A Hands-on Introduction to MapReduce in Python

MapReduce is simple. Some MapReduce algorithms can definitely be more difficult to write than others, but MapReduce as a programming approach is easy. However, people usually struggle the first time they are exposed to it. In our opinion, this comes from the fact that most MapReduce tutorials focus on explaining how to build MapReduce algorithms. Unfortunately, the way MapReduce algorithms are built (i.e., by building a mapper and a reducer) is not necessarily the best way to explain how MapReduce works because it tends to overlook the ‘shuffle’ step, which occurs between the ‘map’ step and the ‘reduce’ step and is usually made transparent by MapReduce frameworks such as Hadoop.

This post is an attempt to present MapReduce the way we would have liked to be introduced to it from the start.

Before you start

This tutorial assumes a basic knowledge of the Python language.

You can download the code presented in the examples below from here. In order to run it, you need:

A Unix-like shell (e.g., bash, tcsh) as provided on Linux, Mac OS X, or Windows + Cygwin;
Python (e.g., anaconda), note that the examples presented here can be ported into any other language that permits to read data from the standard input and write it to the standard output.
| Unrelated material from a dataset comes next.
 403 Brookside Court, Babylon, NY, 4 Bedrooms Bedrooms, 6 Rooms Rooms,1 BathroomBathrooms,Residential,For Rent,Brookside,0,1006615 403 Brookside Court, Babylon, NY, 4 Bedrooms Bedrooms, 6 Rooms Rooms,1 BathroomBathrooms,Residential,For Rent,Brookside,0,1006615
In addition, if you want to run your code on Hadoop, you will need to install Hadoop 2.6, which requires java to run.

Counting Word Occurrences

Counting the number of occurrences of words in a text is sometimes considered as the “Hello world!” equivalent of MapReduce. A classical way to write such a program is presented in the python script below. The script is very simple. It parses the standard input from which it extracts and counts words and stores the result in a dictionary that uses words as keys and the number of occurrences as values.

counter

Let’s look at this script in more details. It uses 2 packages: ‘sys’, which allows for reading data from the standard input, and ‘re’, that provides support for regular expression.

import sys import re

Before the parsing starts, a dictionary, named ‘sums’, which will be used to store the word counts, is created and initialized.

sums = {}

The standard input is read line by line and put in a variable named ‘line’

for line in sys.stdin:

For each line, a regular expression is used to remove all the leading and trailing non-word characters (e.g., blanks, tabs, punctuation)

line = re.sub( r'^\W+|\W+$', '', line )

Then a second regular expression is used to split the line (on non-word characters) into words. Note that removing the leading and trailing non-word characters before splitting the line on these non-word characters lets you avoid the creation of empty words. The words obtained this way are put in a list named ‘words’.
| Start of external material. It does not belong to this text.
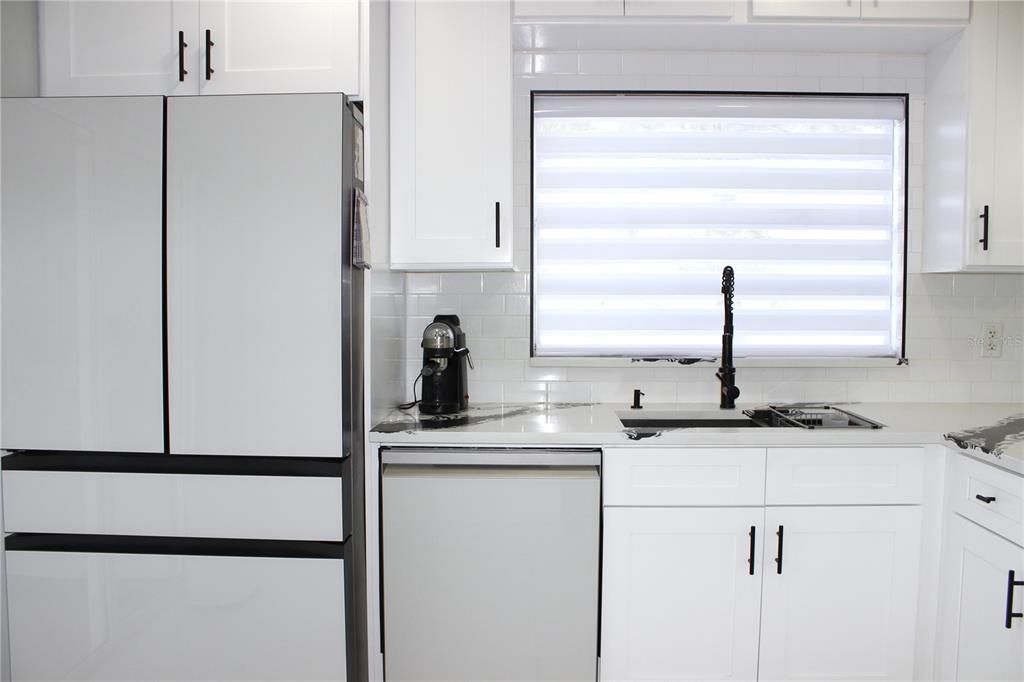 For Sale: $319,900 (2 beds, 1 baths, 923 Square Feet)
words = re.split( r'\W+', line )

Then, for each word in the list

for word in words:

The lower-case version of the word is taken.

word = word.lower()

Before the word is used as key to access the ‘sums’ dictionary and increment its value (i.e., the word occurrence count) by one. Note that taking the lower-case version of each word avoids counting the same word as different words when it appears with different combinations of upper- and lower-case characters in the parsed text.

sums[word] = sums.get( word, 0 ) + 1

Finally, once the whole text has been parsed, the content of the dictionary is sent to the standard output.

print sums

Now that the script is ready, let’s test it by counting the number of word occurrences in Moby Dick, the novel by Herman Melville. The text can be obtained here.

wget https://www.gutenberg.org/cache/epub/2701/pg2701.txt mv pg2701.txt input.txt

Its content can be displayed using the cat command. As seen on the screenshot below, it finishes by a notice describing the Project Gutenberg.

cat input.txt

cat

Assuming that the python script was saved in a file named counter.py, which was made executable (chmod +x counter.py), and that the text containing the words to count was saved in a file named input.txt, the script can be launched using the following command line:

./counter.py < input.txt

The result of this is partly displayed in the screenshot below where we can see that the word ‘own’ appears 205 times in the text, the word ‘polished’ appears 7 times, etc.

counter2

Limitations of the Dictionary Approach

The main problem with this approach comes from the fact that it requires the use of a dictionary, i.e., a central data structure used to progressively build and store all the intermediate results until the final result is reached.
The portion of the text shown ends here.